Various source locations of contaminant injection were tested for the different designed patterns, as outlined in Table 2. For the EPANET Net3 network, the injection locations were selected based on the work by Seth et al. [20], and the same criteria were applied when choosing the injection locations for the Richmond network. It should be noted that specific sites were selected for the Net3 and Richmond networks to be near water quality sensors. These sites, namely 151 (Net3) and 91 (Richmond network), are covered by a single sensor (refer to Figure 2 and Figure 3). Conversely, sites 189 (Net3) and 518 (Richmond network) were deliberately chosen to be located far away from water quality sensor locations, covered by two sensors (refer to Figure 2 and Figure 3).

The EPANET injection source type was chosen as a “set point booster” for all the above scenarios. Furthermore, the contaminant was assumed to be subjected to both bulk and wall reaction coefficients in all scenarios, unless stated otherwise. For the candidate solutions, the objective function values for the single injection were set to be below 10%, and for multiple contamination injections, less than 15%. These value thresholds serve as benchmarks. The device used to conduct the simulations for all scenarios has the following configuration: ASUS VivoBook, Model: S512F, Intel Core i5-10th processor, 12 GB of memory, and Windows 10–64-bit operating system.

5. Results and Discussion

5.1. Sensitivity Analysis and Hyperparameter Tuning

First, we focus on investigating the influence of the choice of surrogate model and acquisition function on the accuracy and computational efficiency of the BO CSI framework. To that end, we tested two different probabilistic surrogate models, namely Gaussian Process (GP) regression and Random Forest (RF) regression, in combination with three acquisition functions: probability of improvement (POI), expected improvement (EI), and Upper Confidence Bound (UCB). To conduct this sensitivity analysis, Scenario A is selected as the basis, which involves a single intrusion location (node 189 in the Net3 network) and a dosage of 1000 mg/L. For this sensitivity analysis, the injected contaminant was assumed to be conservative.

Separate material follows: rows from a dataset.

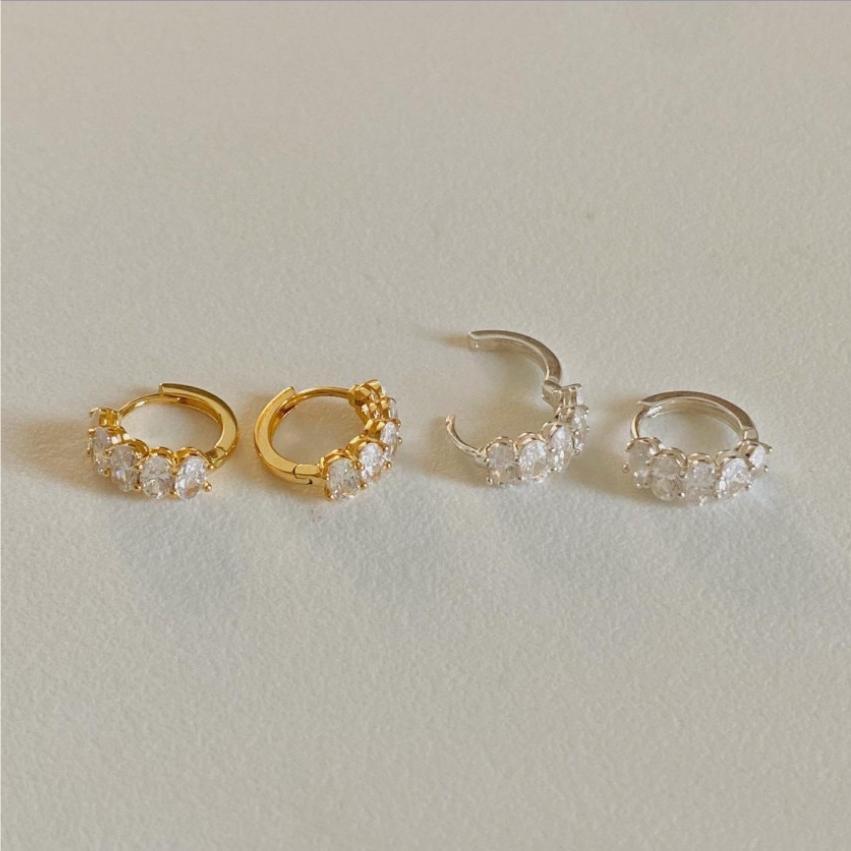 Minimalist Geometric Letter Stud Earrings in 925 Sterling Silver with Rhinestone Inlay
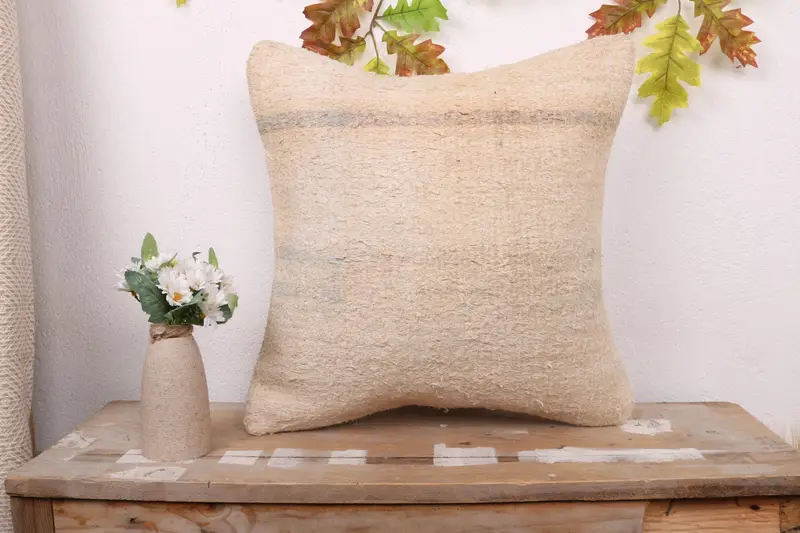 Handmade Pillow Case, Antique Pillows, Pillow Sham, 18x18 Beige Pillow Cover, Boho Pillow Sham Cover, Pastel Cushion Case, Home Decor Pillow - 1
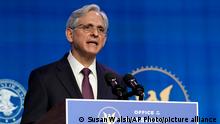 Attorney General nominee Merrick Garland speaks during an event with President-elect Joe Biden and Vice President-elect Kamala Harris at The Queen theater in Wilmington, Del., Thursday, Jan. 7, 2021. (AP Photo/Susan Walsh)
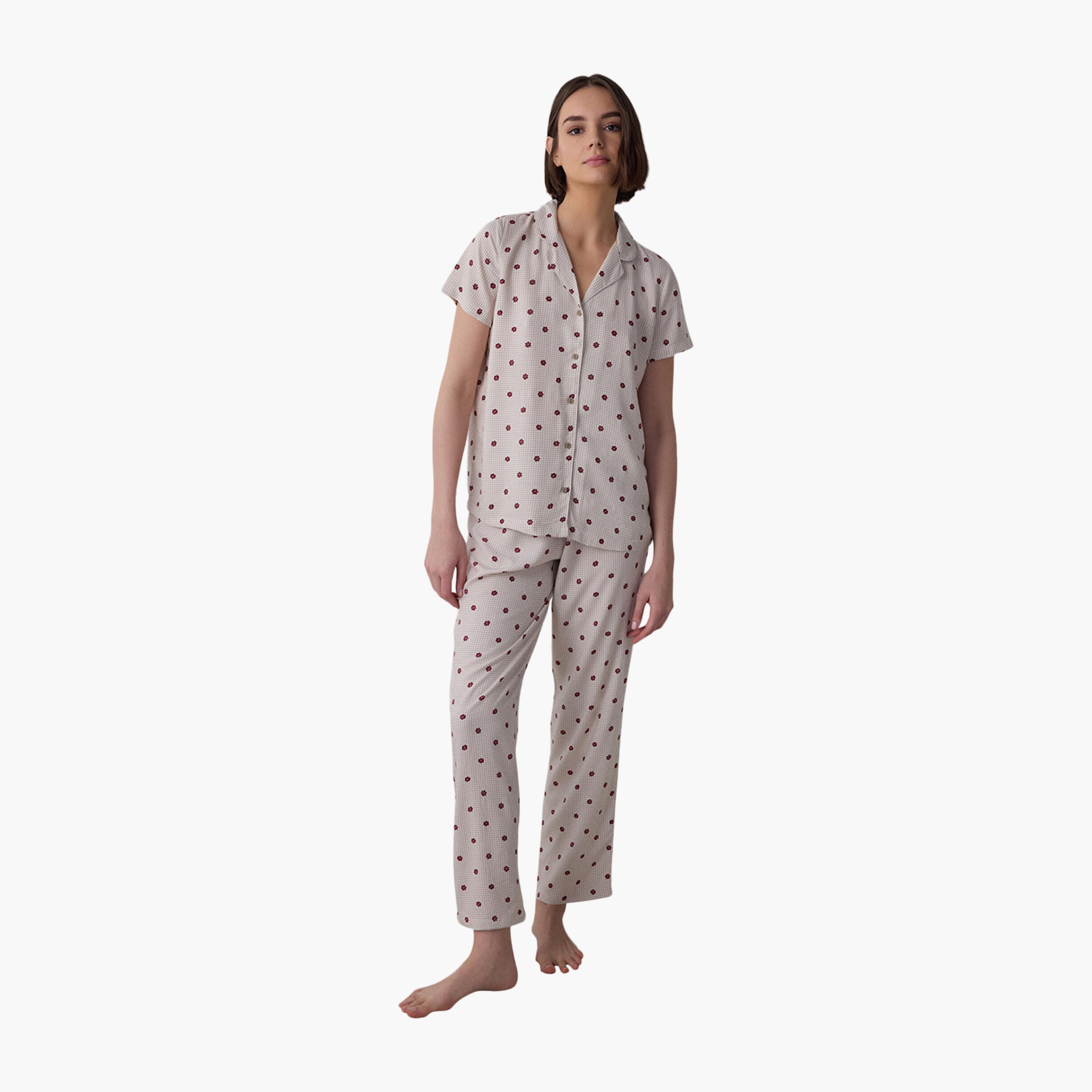 Penti Checked & Floral Print Women's Shirt and Pyjama Set-women-clothing-nightwear-pyjamas-longsets-image-1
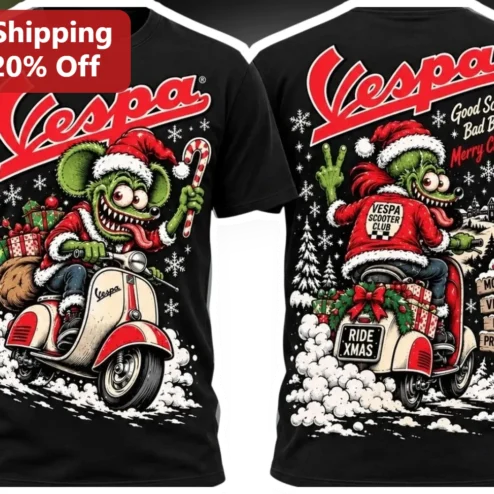 Vespa Grinch Merry Christmas Tee Good Scooters Bad Behavior Holiday Gift Shirt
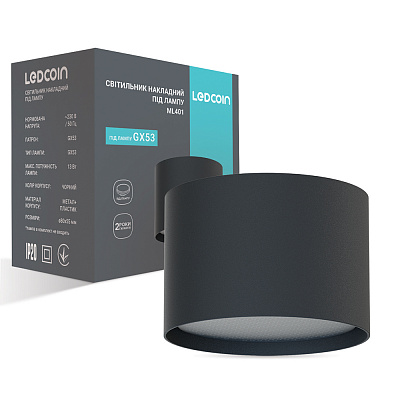 Светильник точечный LEDCOIN GX53 черный ML401 B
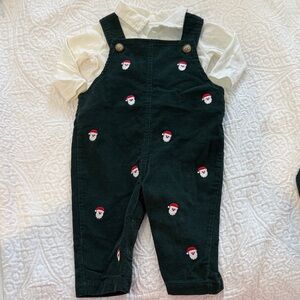 Starting Out Dark Green Santa Overalls Set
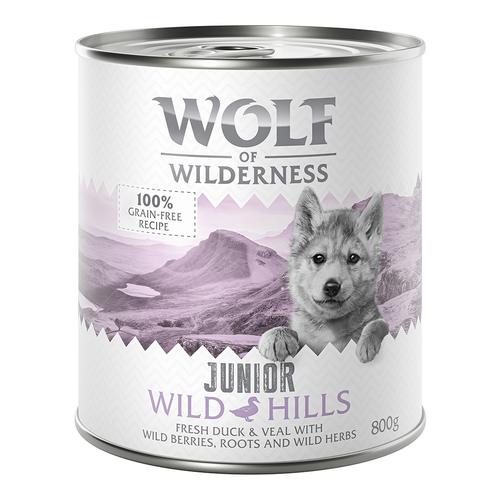 6 x 800 g Junior Ente und Kalb Wolf of Wilderness getreidefreies Hundefutter nass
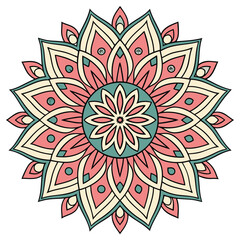 Radiant sunburst mandala design with intricate vector symmetry and vibrant colors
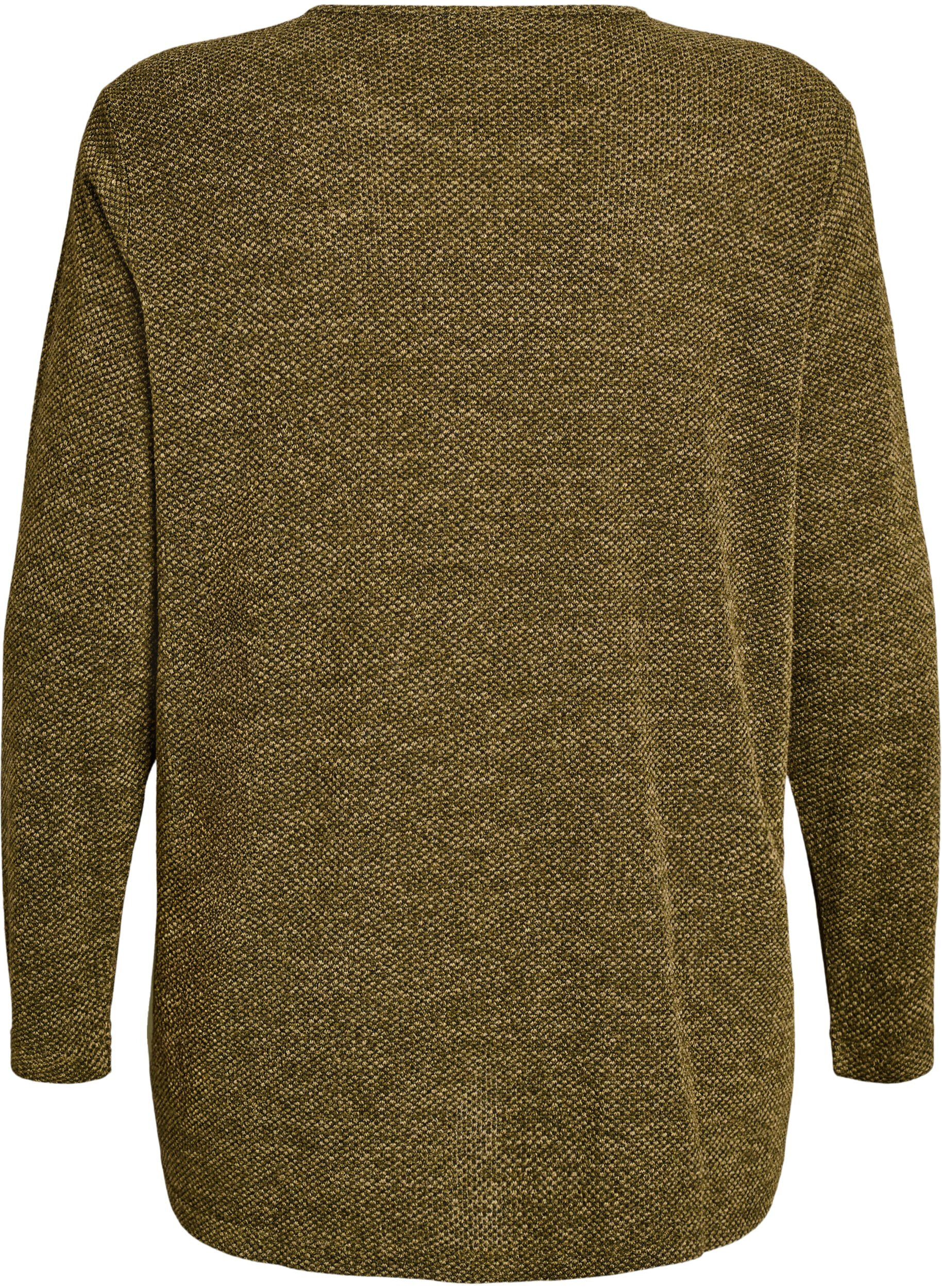 Zizzi Pitk&auml;hihaiset pusero rakenteella, Vihre&auml;, Packshot image number 1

5.1.1. Choice of the GP Covariance Kernel Function

The investigated methods have several crucial hyperparameters that require tuning. First, in the case of the Gaussian Process (GP) surrogate model, different covariance kernel options were tested to identify the best-performing covariance function for estimating the GP model, namely (a) squared-exponential, (b) Matérn 3/2, (c) gamma-exponential, and (d) rational quadratic.

The length scale parameter plays a critical role in characterizing the smoothness of the GP surrogate function, and thus affects the accuracy of the GP model in fitting the underlying objective function. To select the optimal length scale (OLS) for each kernel, the five-fold cross-validation mean squared error (CV_MSE) resulting from fitting each kernel to 1000 randomly generated evaluations of the objective function was minimized by means of a univariate bounded optimization routine, namely the minimize_scalar function in the scipy library.

Figure 5 illustrates the CV_MSE of the GP surrogate model (y-axis) at different values of the length scale parameter (x-axis) for the four kernels. The figure highlights the significance of selecting appropriate length scale values for each kernel, as the accuracy of the GP model in predicting the objective function values varies significantly across different length scale values. The following optimal length scale values and their respective CV_MSE values were obtained for each kernel function: 3.74 → 45.37 for the SE kernel, 18.52 → 31.41 for M32, 816.07 → 618.16 for GE, and 5.70 → 30.19 for RQ. Based on these findings, it can be concluded that the RQ kernel yields the lowest CV_MSE value, indicating a higher accuracy in fitting the GP surrogate model. Therefore, a further analysis was continued using the rational quadratic kernel (GP_RQ).

5.1.2. Number of Initial Evaluations

Another important parameter that requires tuning is the number of initial evaluations used to fit the prior of the probabilistic surrogate model. To determine the optimal number of initial evaluations, a wide range was tested for both surrogate models (GP_RQ and RF), starting from 0 to 1000 with an increment of 20. Figure 6 shows the cross-validation r² values calculated for both of the surrogate models using different numbers of initial evaluations. As expected, increasing the number of initial evaluations improves the performance of the surrogate model in fitting the objective function. However, increasing the number of initial evaluations also increases the computational cost of fitting the models. As a result, we concluded that selecting 400 initial evaluations for GP_RQ and 500 initial evaluations for RF provides a satisfactory trade-off between accuracy and computational cost.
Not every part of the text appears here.